Thursday, September 15, 2011

The Soda Pop Factor

What makes a report of a UFO sighting credible? I have always relied on the standard set in a book I read years ago called "The Mothman Prophecies," by John Keel. If that title seems familiar, you may be thinking of the hopeless movie version starring Richard Gere, and if you have seen that movie, I pity you. The book is actually a rousing tale, told as a first-hand account, of encounters with the strange being illustrated here by famed fantasy artist Frank Frazetta.

In the book, Keel recounts a UFO encounter of high strangeness investigated by a colleague named Dr. James MacDonald. MacDonald tells of a man who not only encountered a UFO and its occupant, he had a long talk with that UFO occupant. What they discussed escapes me now, but in the middle of the conversation, the UFO occupant mentioned that it was thirsty. All the man had in the fridge at the time was a bottle of orange soda pop, so he offered it to the UFO occupant. The parched UFO occupant accepted it and drank it down. Presumably, the UFO occupant was refreshed. And presumably, it and the man then continued their conversation for some time before the UFO occupant returned to its ship and zoomed off. MacDonald does not report whether the man returned the bottle for his 5 cent deposit.

To my knowledge, this is the only recorded instance of a human being offering a cold, refreshing soft drink to an alien life form.

MacDonald was so struck by the man's mention of the soda pop incident that he believed the entire story. Why, MacDonald reasoned, would this man fabricate such a sensational story and then punctuate it with such a ridiculous, mundane detail? Surely the soda pop moment would cast doubt on his testimony if the story was false, and therefore MacDonald felt the entire encounter must have really happened. MacDonald coined the term "Soda Pop Factor" to describe any such realistic detail that lends credibility to an outrageous tale, simply because it doesn't belong there. MacDonald's reverse logic may be a bit strained, but on some level it appeals to me.

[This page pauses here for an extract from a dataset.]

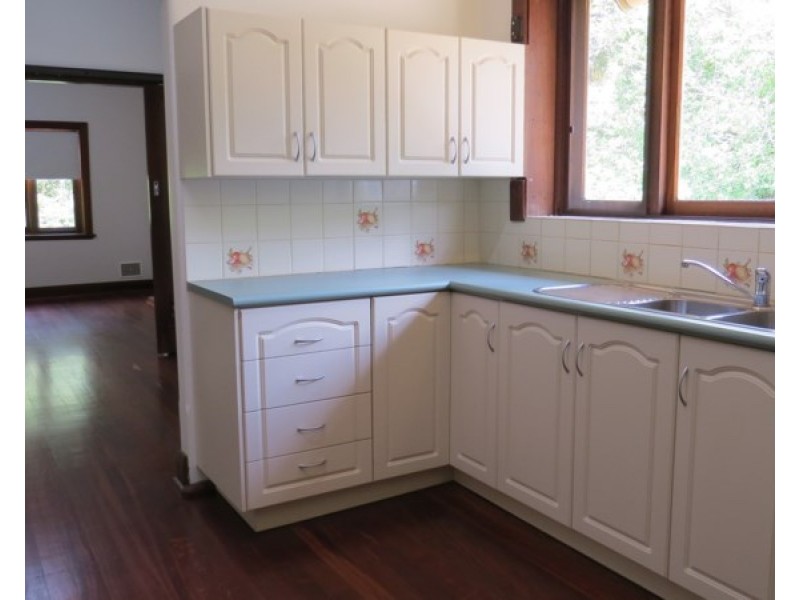 30 Traylen Road, Kalamunda WA 6076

What can we learn from this?

1) If a UFO sighting report makes any mention of orange soda pop, it must be true.

2) If the aliens do prove to be hostile, don't try to kill them with orange pop. You'll only be quenching their thirst, making the situation worse.

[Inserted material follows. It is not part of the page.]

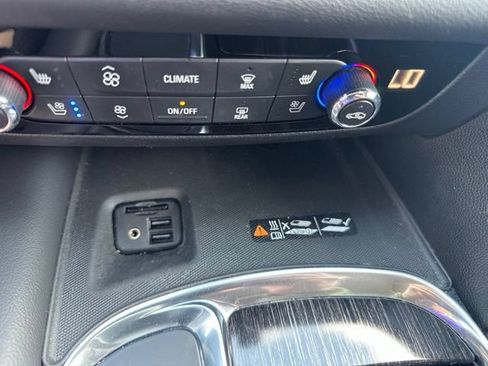 Used 2021 Buick Enclave Avenir w/ Avenir Technology Package AWD/4WD image 29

3) Stephen Hawking is a dummy. I know this for a fact. Recently my wife and I were watching an episode of "Stephen Hawking's Universe" in which the famous physicist was imagining what life on other planets might look like. He imagined strange snow-leopard things that could breath hydrogen, and floating gas bags that could thrive on nitrogen, and even some oxygen breathers that could live on barren, desolate worlds that just barely qualify as "earth-like." As intriguing as his fantasy creatures were, it was clear that not a single one of them could drink orange pop if it was offered to them. Maybe the wall-crawling sucker-mouth beasties, but only with a straw. What gives, Stephen? I suggest that all the time, energy and money that we are pouring into searches for extraterrestrial life are being wasted, and the searches themselves are fatally flawed and destined to fail. Because all we ever look for is whether a planet has liquid water. We never consider whether a planet has liquid orange pop.